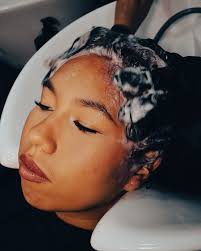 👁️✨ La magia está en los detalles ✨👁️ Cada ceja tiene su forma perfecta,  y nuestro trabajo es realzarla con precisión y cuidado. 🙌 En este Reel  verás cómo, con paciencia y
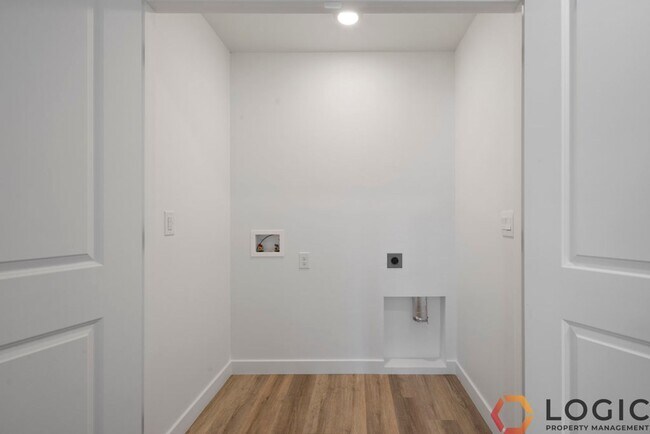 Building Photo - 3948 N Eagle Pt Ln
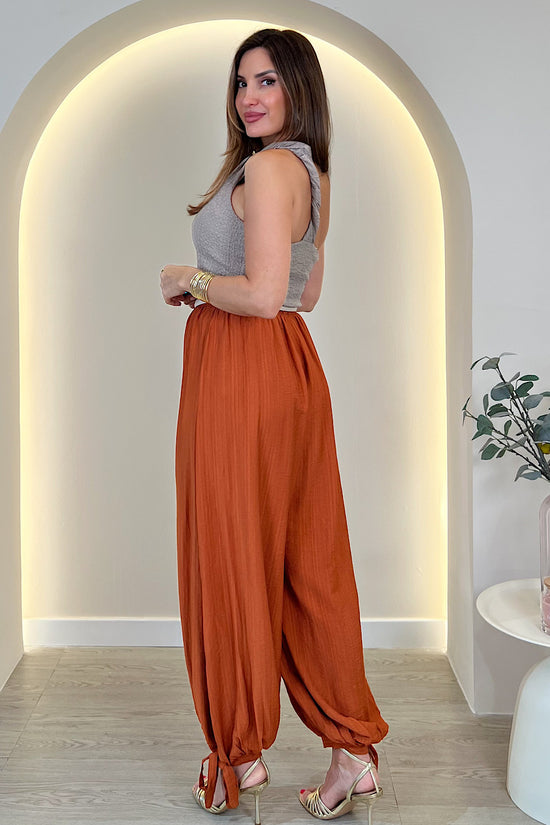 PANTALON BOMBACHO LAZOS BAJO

+ + + + + + +

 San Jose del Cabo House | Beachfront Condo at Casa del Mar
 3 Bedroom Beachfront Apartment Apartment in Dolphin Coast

+ + + + + + +

Directions for this task = Beginning with the line containing "San Jose del" and ending with the line containing "3 Bedroom Beachfront", extract those lines exactly from the listing above, and only those.

Exercise solution =
 San Jose del Cabo House | Beachfront Condo at Casa del Mar
 3 Bedroom Beachfront Apartment Apartment in Dolphin Coast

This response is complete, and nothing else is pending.